> [EXERCISE OBJECTIVE]
Repeat exactly the line with "Zwei ovale Porzellanteller" and each line after it to the end of the data below; pictures stay out.
[Opening DATASET section]
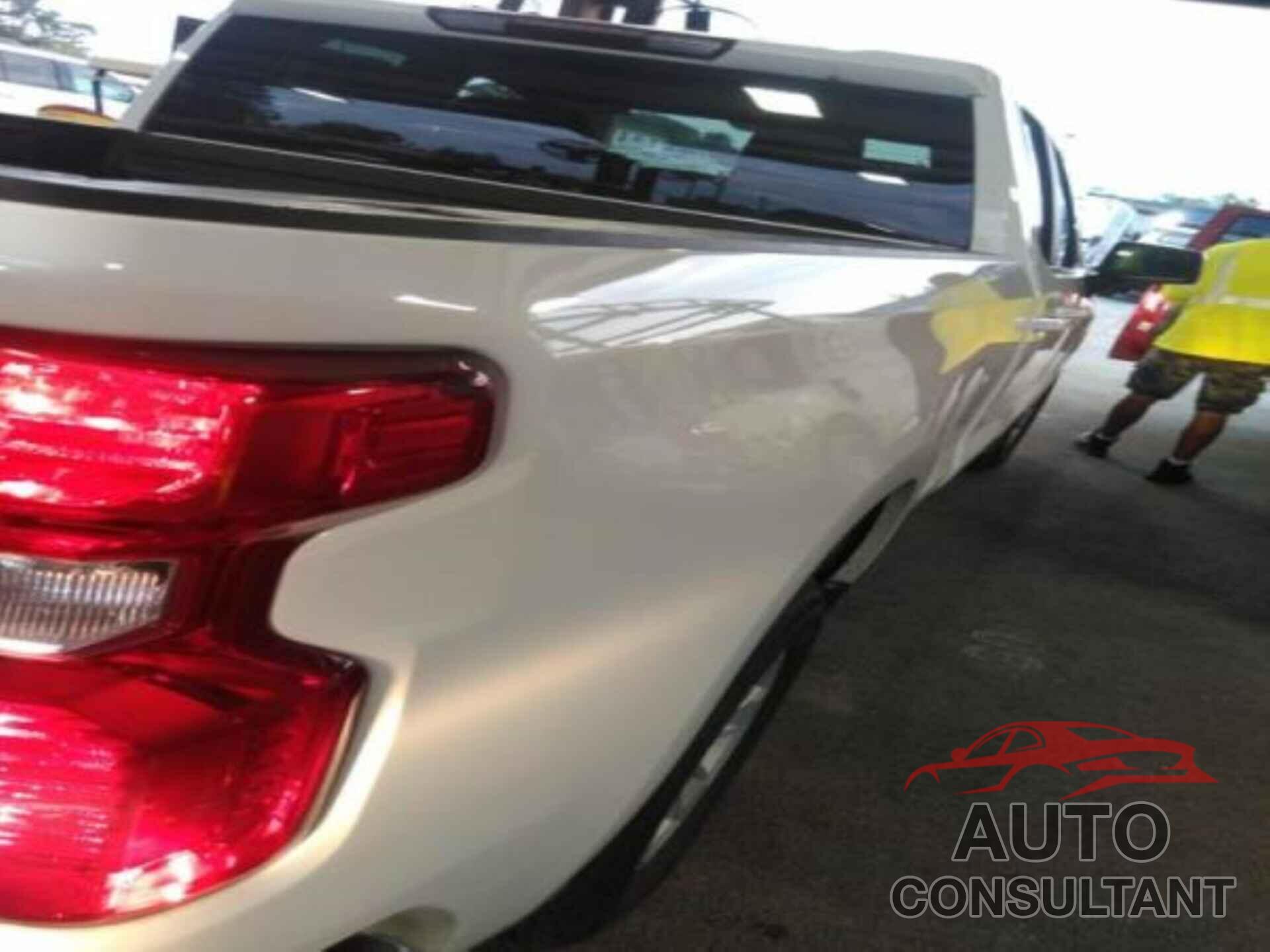 CHEVROLET SILVERADO 1500 2021 - 1GCRWCEK2MZ103858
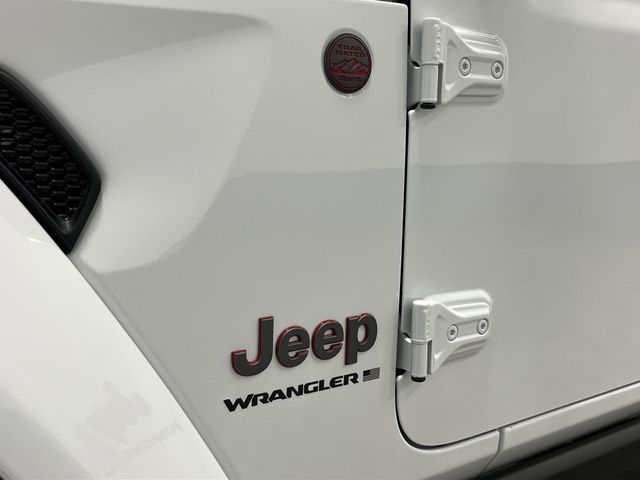 2025 Jeep Wrangler Rubicon X photo 35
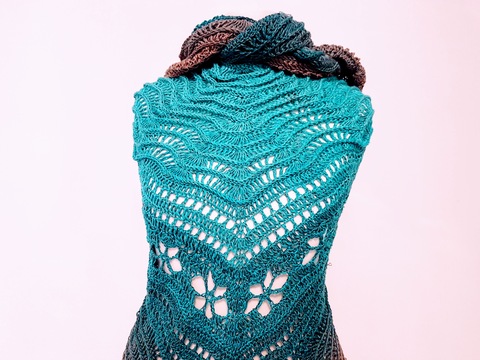 Häkelanleitung  Dreieckstuch Blumenwelle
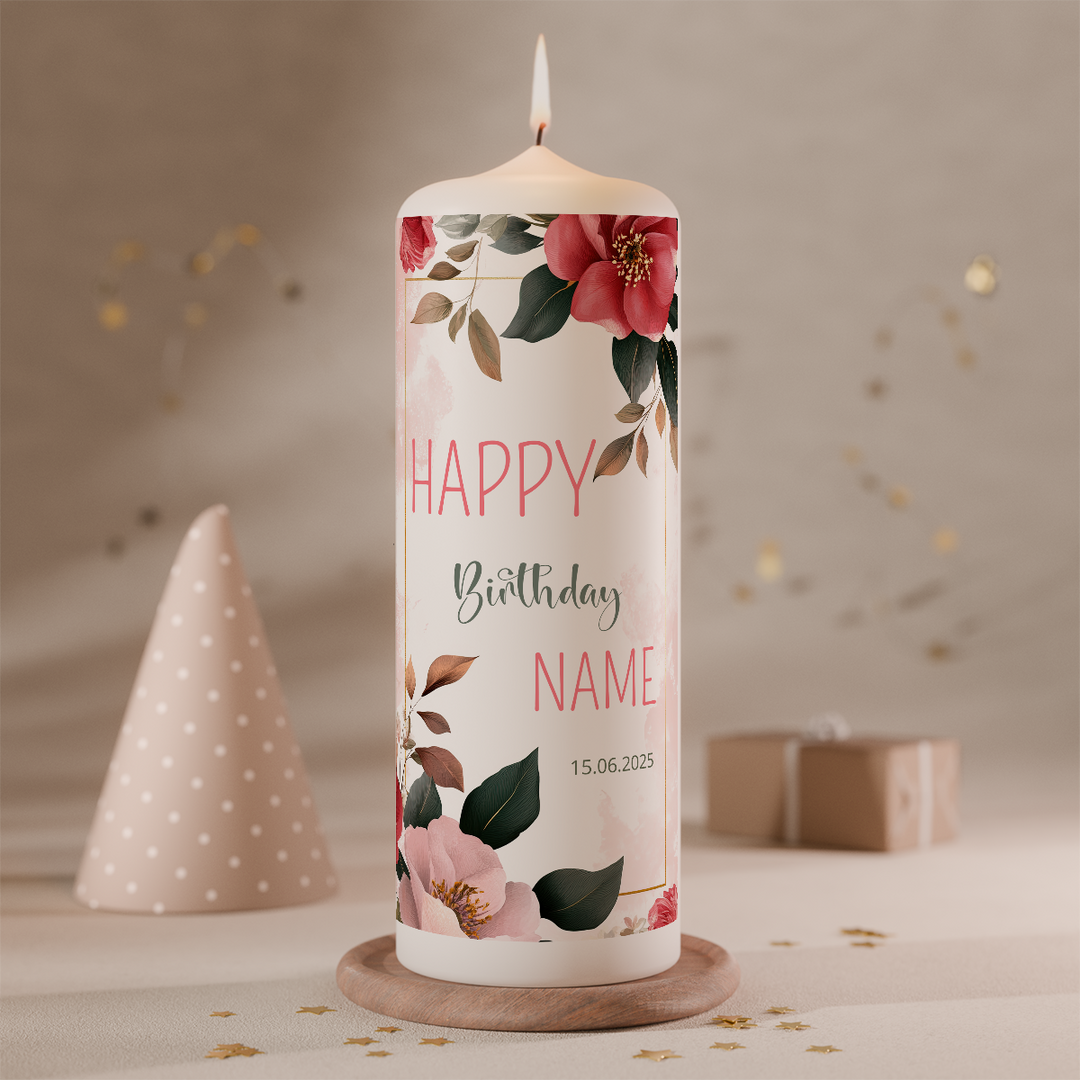 Detailansicht einer personalisierten Geburtstagskerze mit floralem Rosenmotiv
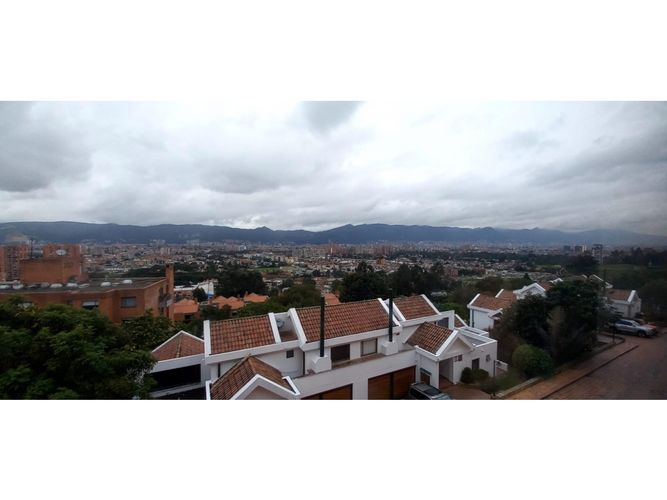 Apartamento en venta en Cerros De Suba, Bogotá · foto 2 de 23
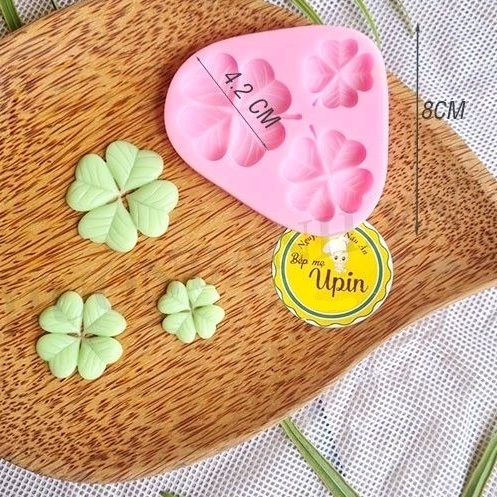 Khuôn silicon vỉ 3 lá cỏ may mắn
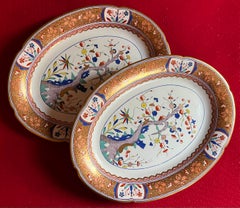 Zwei ovale Porzellanteller von Spode mit dem Chinoiserie-Muster „Kakiemon“ (Nr. 282)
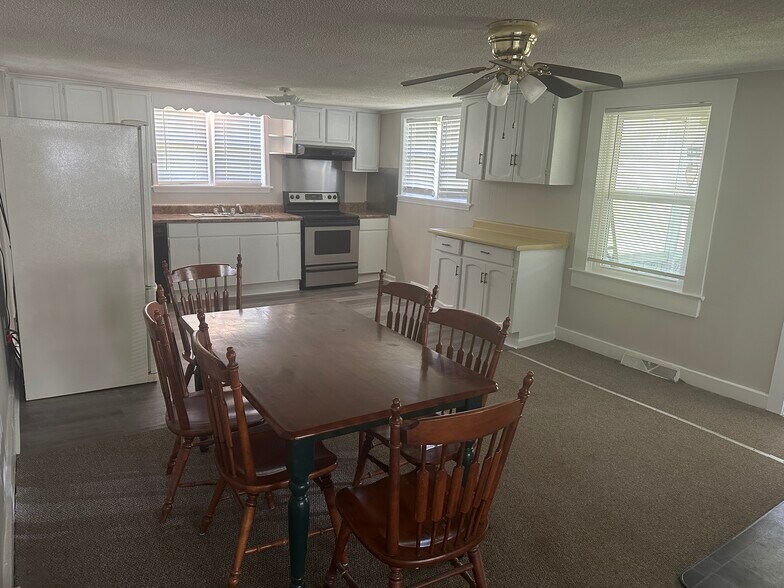 Building Photo - 435 W Queen St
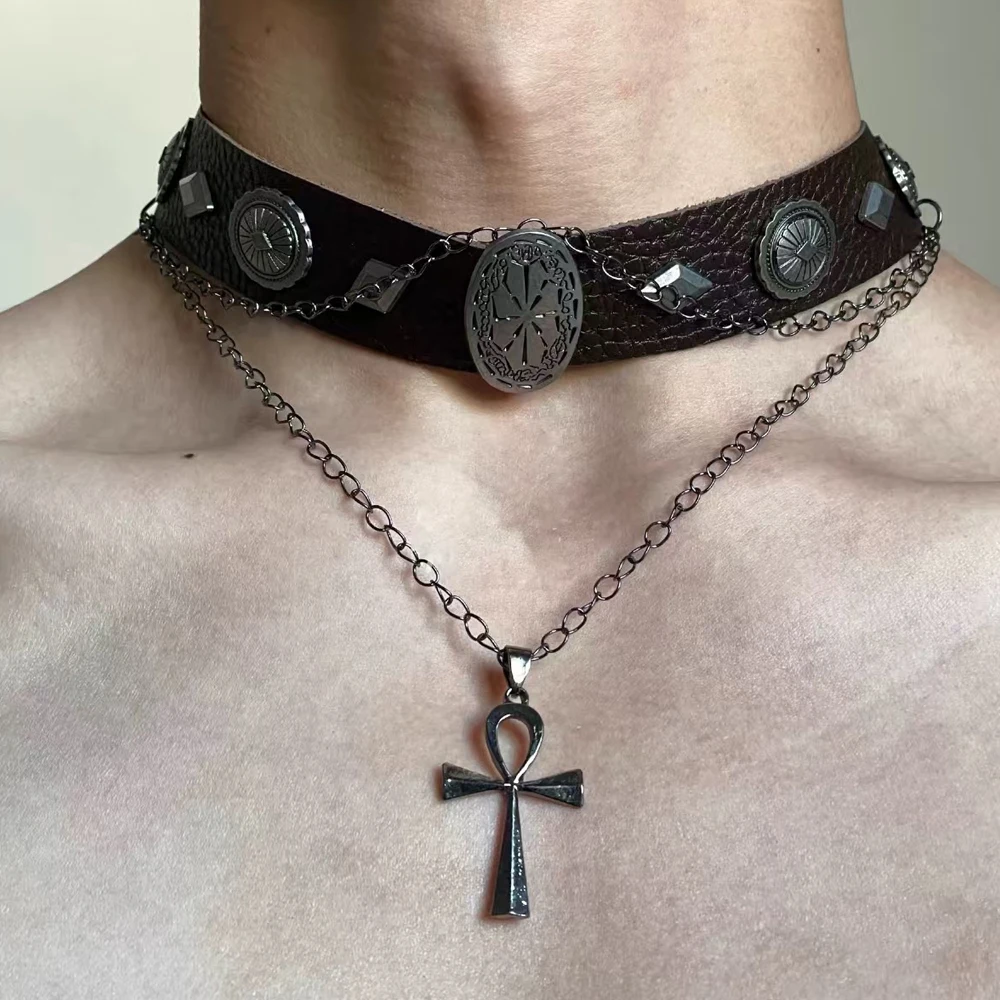 Fashionable Punk Cross Layered Multi Rivet Necklace, Women's Collarbone Chain, Sweet And Cool Spicy Girl, Halloween Costume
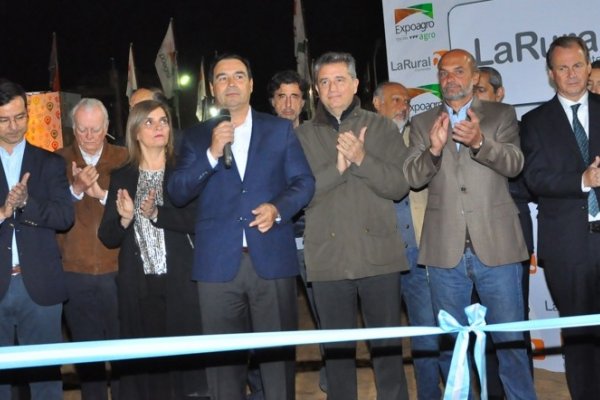 Valdés inauguró la Expoagro junto a Etchevere, instando a continuar la integración al mundo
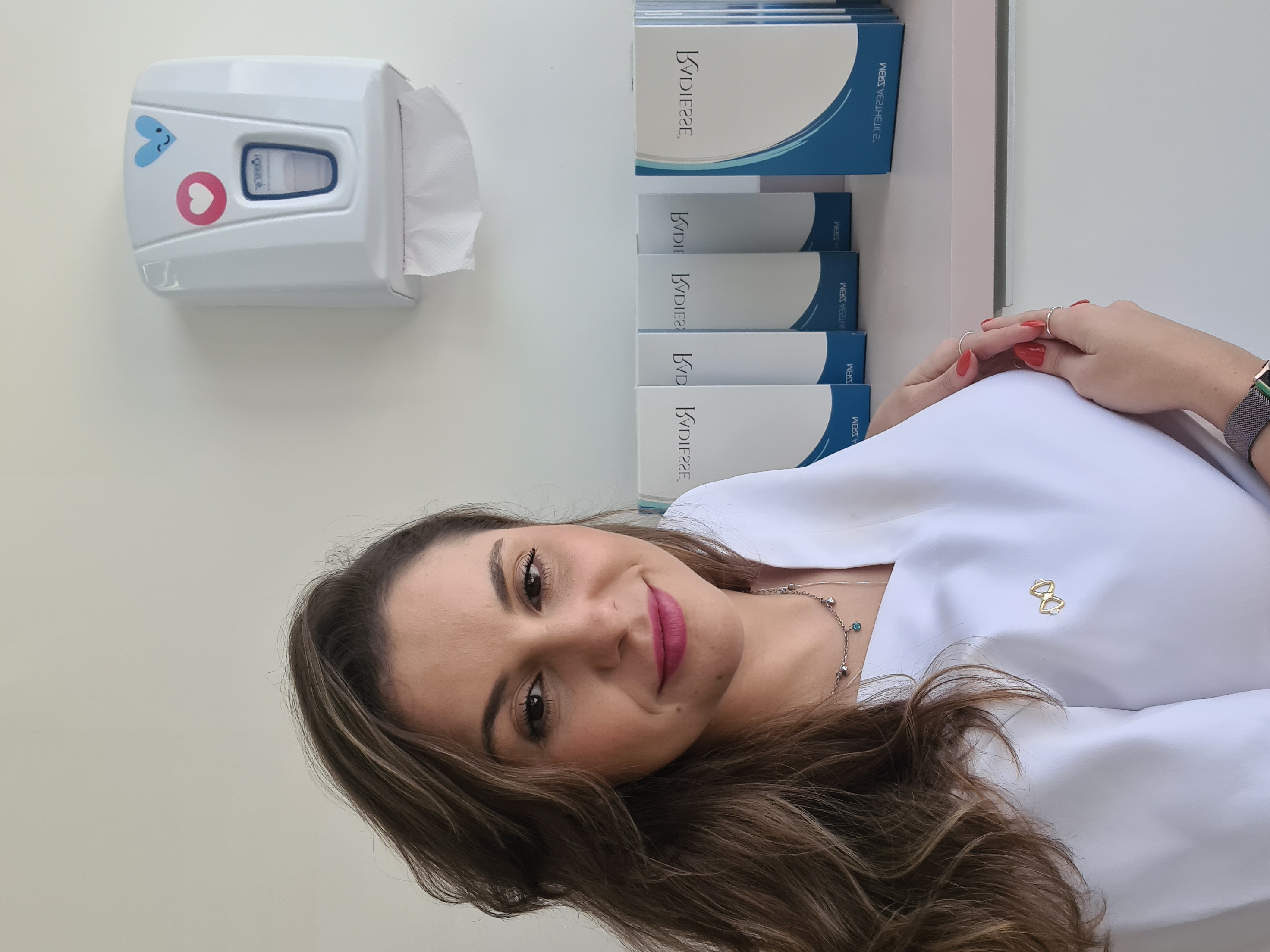 Foto da Dra. Bruna Daniele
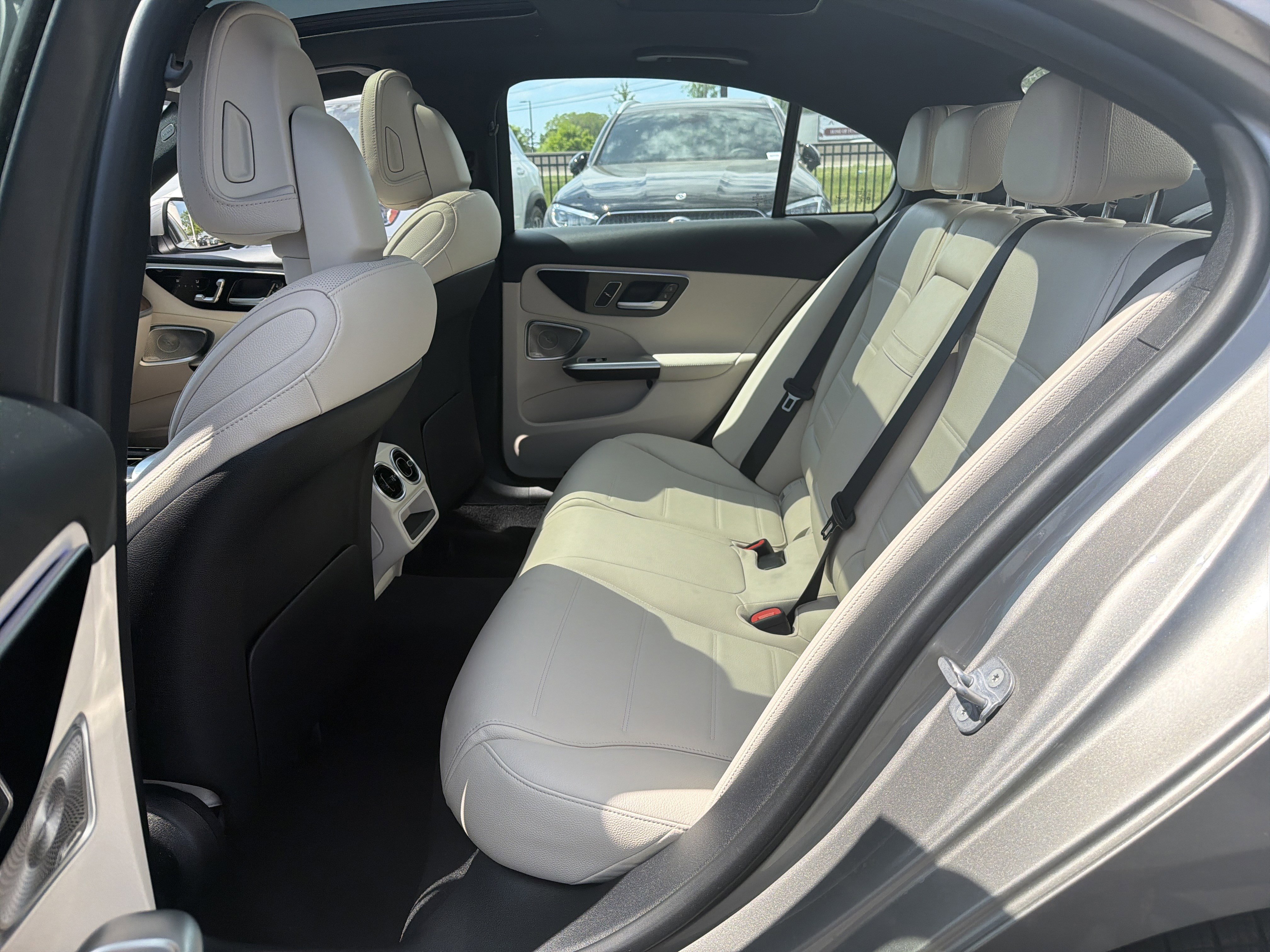 Used 2024 Mercedes-Benz C 300 Sedan w/ Exclusive Trim Package image 32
[Closing DATASET section]
> [RESPONSE]
 Zwei ovale Porzellanteller von Spode mit dem Chinoiserie-Muster „Kakiemon“ (Nr. 282)
 Building Photo - 435 W Queen St
 Fashionable Punk Cross Layered Multi Rivet Necklace, Women's Collarbone Chain, Sweet And Cool Spicy Girl, Halloween Costume
 Valdés inauguró la Expoagro junto a Etchevere, instando a continuar la integración al mundo
 Foto da Dra. Bruna Daniele
 Used 2024 Mercedes-Benz C 300 Sedan w/ Exclusive Trim Package image 32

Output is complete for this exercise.